Particularly for the players of the Showtime era covered in Winning Time, there is a renewed fervor for telling their story in their own voices. Norm Nixon was in the unusual position of being depicted on screen by his own son, DeVaughn Nixon, on HBO – and he has some notes. While partying at the Forum Club was definitely a part of the NBA scene in the ’80s, Nixon claims that the Lakers’ team bus of his era was likely to be silent, because players like himself and Abdul-Jabbar had their noses in books. Added Robert Horry (who obviously played in a later era), with a laugh: “Phil (Jackson) would give us books to read.”
While players don’t deny that partying is a part of being a Laker, they also underline their sacrifices – long hours in the gym, discipline before big games, being away from their families – as being what actually led to the winning that defined the dynasty. James Worthy said he has been moved by strangers who approach him with tales of how the Showtime Lakers made their family bond, or inspired them.

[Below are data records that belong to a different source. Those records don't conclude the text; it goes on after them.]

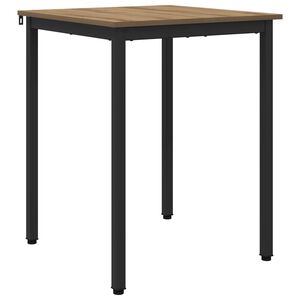 vidaXL Table de salle &agrave; manger / Table de repas 60 x 60 x 75 cm M&Eacute;TAL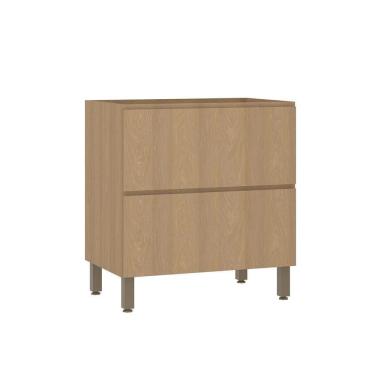 Imagem de Balcão De Cozinha 80cm 1 Porta E 1 Gaveta Sem Tampo Slim Luc Freijó/freijó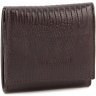 Шкіряний гаманець коричневого кольору з натуральної шкіри з тисненням Tony Bellucci (10775) - 1
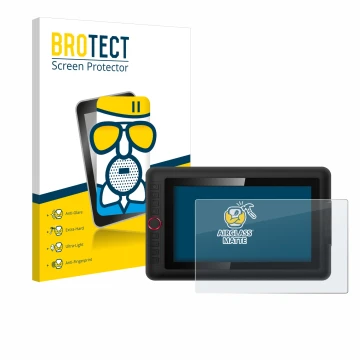 Vorderseite einer Produktverpackung mit dem Markenlogo BROTECT. Daneben ist das Gerät XP-Pen Artist 12 Pro mit dem zugehörigen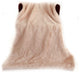 Plutus Pink Plush Faux Fur Luxury Throw Blanket, 90"x90"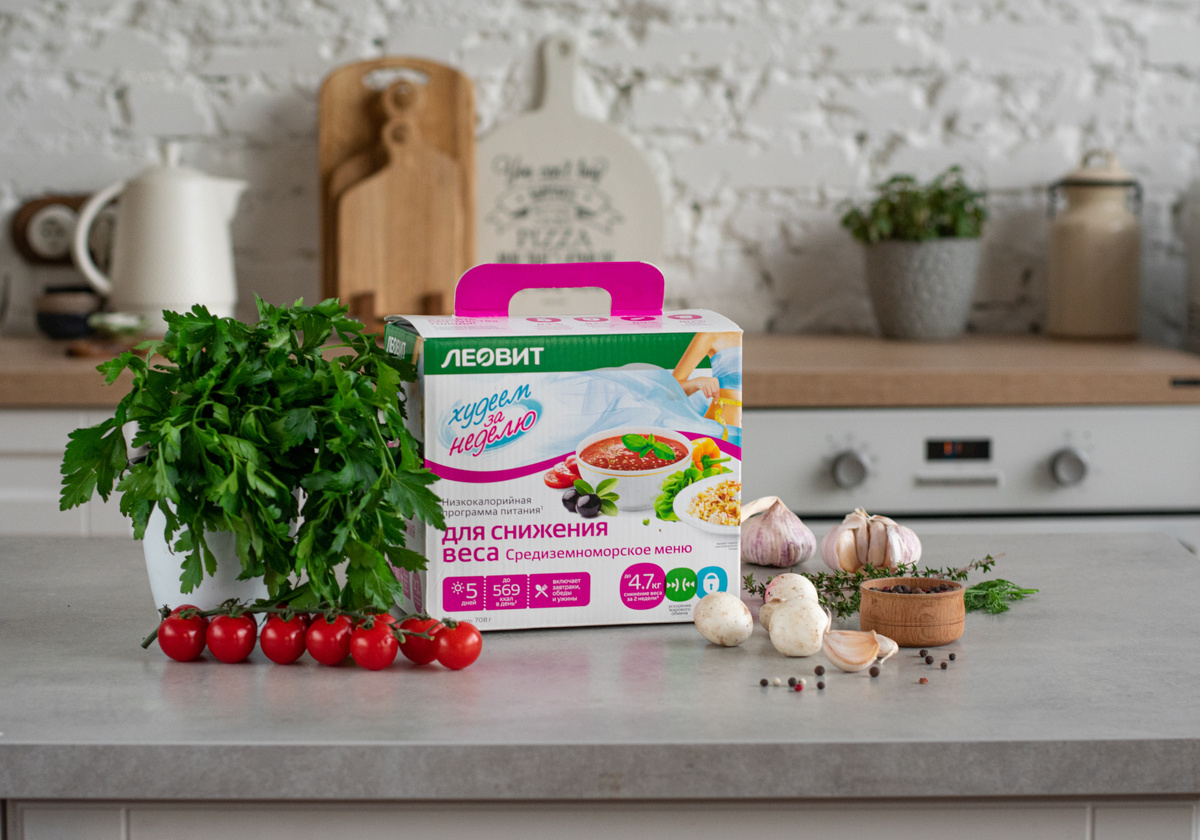 Программы питания ЛЕОВИТ «Худеем за неделю»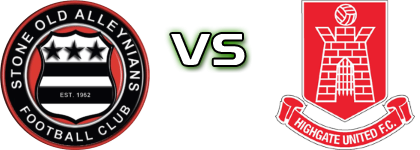 Stone Old Alleynians - Highgate United head to head game preview and prediction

“Living in Hollywood, I understand satire. I get it,” Worthy said. “But I think when something is so critical and needs to be told properly. … I think if you push back on the nonsense and get to the real stuff, that was a decade that changed people’s lives.”
The last episode of Legacy will wrap with the team’s 2020 championship led by James, but naturally the franchise’s recent stumbles may make the documentary feel like dwelling on glory days. No one is more keenly aware of how short the team fell of its annual championship goals than Buss, who has said she was sorely disappointed by the 2021-22 season.
But even though the Lakers’ near future is murky, and there were parts of the series that were particularly painful for Buss to look back on, she derives optimism from the franchise’s story – even the ugliest and saddest moments. And perhaps that nostalgia is a kind of fuel for the team’s governor as she tries to steer them back on top.
“To now look at that and think about what we overcame, and we’re still here, and the resiliency that sports gives us – the idea that there’s gonna be a next season,” Buss said. “We’re gonna get back together again, even after a loss of a season and not making the playoffs, there’s gonna be another season. And I think that’s what’s so beautiful about sports: There’s gonna be another season to tell, another opportunity to celebrate and hopefully get number 18.”
Legacy: The True Story of the LA Lakers will be released Aug. 15 on Hulu.